Monday, January 14, 2013

Pere Ubu-Lady From Shanghai; Fire Records, 2013

There exists on youtube a clip of David Thomas, in which he compares his band Pere Ubu to a cup. It strikes Disaster Amnesiac, after careful listening to Lady From Shanghai, that what the singer was getting at is that Pere Ubu is not so much a band as it is a form that needs a band from which to spring forth.
The ever-developing form Pere Ubu appropriates contemporary and past influences, shapes them to its own needs, and then spits out a unique, current form. The fact that Pere Ubu has been doing this in four consecutive decades is pretty mind blowing to this fan.

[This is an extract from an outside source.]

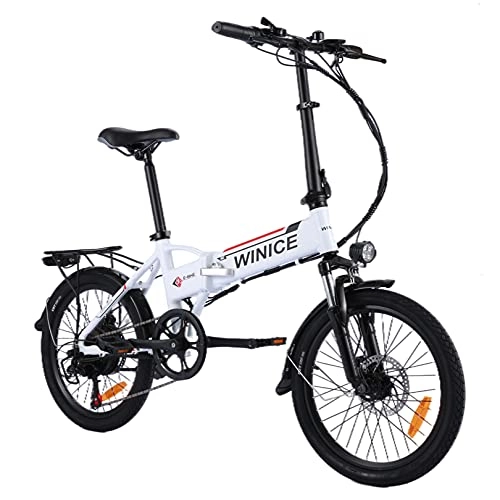 Bicicletas eléctrica : VIVI Bicicleta Electrica Plegable Urbana, 350W Bici Electrica Urbana Ligera para Adulto, 20" Plegable Ciudad Ebike con 36V 8A Batería extraíble, Shimano 7 velocidades, 3 Modos, 25km / h, 50KM Gama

For example take Thomas's lyrics. On Shanghai he mixes quotes from Elvis, the Velvet Underground (Mandy), the Chambers Brothers (Musicians Are Scum), and Anita Ward (Thanks) with lyrics that contain descriptions of the world which he sees, a world in which the commonplace, the bus driver (Mandy) or the sun behind the curtains (the Carpenter Sun) take on aspects of the sublime; you know, poetry. Poetry is pretty clearly vital to form Pere Ubu.
David Thomas's voice is also vital to the Pere Ubu form. It will be impossible form the form to continue its real time development once he stops his work on its invocation. His voice has lost a bit of the high end bleat of yesteryear, but his deadpan narrative on tunes such as 414 Seconds or the Road Trip of Bipasha Ahmed has grown richer and more believable with his aging. There can never be another form like that of Pere Ubu, and the uniqueness of Thomas's voice helps to ensure this fact.
The form of Rock music is generally defined by the electric guitar, and the Pere Ubu form, having sprung from the former, uses the electric guitar as well. On Lady From Shanghai guitarist Keith Moline keeps his playing quite simple, in the sense that it sticks to the melodic structures of each tune. His playing is not characterized by the heroic approach, in the sense that there are no solos; the songs are generally not structured within the traditional verse/chorus/verse/bridge/solo/chorus/verse parameters, and thus the action "guitar solo" is not missed. Moline's playing helps give shape to the form, and that seems to be enough. That's not to say he plays boring, though. His playing is expressive and unique in a way that gives support to the Ubu form.
Another vital aspect of the meta-form Rock is that of bass and drums. These two elements must be fused within a band, must lock in, in order to provide not only a ground from which the higher end treble instruments of guitar and voice provide melodic action, but also to move the tunes and those listening to them. It is from great rhythm sections that great bands spring. At the heights of its form, Pere Ubu is indeed a great band, and the current rhythm section of Steve Mehlman on drums and Michele Temple on bass are indeed a great rhythm section.  Their rhythmic lock on tunes such as Lampshade Man and Mandy evince the effectiveness of that vital aspect of the Pere Ubu form: a kind of marching beat, tinged with motorik feel, but somehow heavier. An arty stomp, and Industrial shuffle. These two have been the rhythmic stewards of the Pere Ubu form for some time now, and their experience within it shows in the easy swing of their delivery.
The Pere Ubu form has also been defined by an experimental side, almost as much as it has been by its Rock side. Thomas and Co.'s willingness to inject their songs with approaches from the music world's more experimental corners has been in effect since the band's beginnings. Lady From Shanghai features many fine examples of this feature of the form, from the thought provoking mash up of Thomas Edison's reading of Mary Had a Little Lamb with programmed beats on Feuksly Ma'am, the Hearing to the delicious electronic warfare din at the ending of the Carpenter Sun and the abruptly started percussive art on And Then Nothing Happened. Just about every tune on the LP has strange sounds jumping out from within the tunes. It is vital to the form Pere Ubu that odd sounds be present, and they always provide for interesting listening. On Shanghai, band members Robert Wheeler, Gagarin (any number of synths, keys, and whirligigs), and Darryl Boon (clarinet), along with Thomas, Mehlman, and Temple, have recorded some of their best, most concise actions of this dynamic.
The Hamann family and their SUMA Studio has long been a vital piece of the Pere Ubu form. As with almost all other recordings issued from the band, a Hamann is the engineer on Lady From Shanghai. Paul Hamann's recording job is clean, capturing the Pere Ubu form in all of its treble-ey power. The sound seems more compressed than some recent recordings (St. Arkansas), but the highs are nicely audible without spinning off into space, and the lows are nicely present. A really good, clean recording was achieved, per the usual standards of the Avant-Garage. 
Disaster Amnesiac takes continual delight in the on going permutations of the Pere Ubu form. Lady From Shanghai provides fine new hearings from this most venerable of Rock experiments. It is very much a high point in its long, stellar development.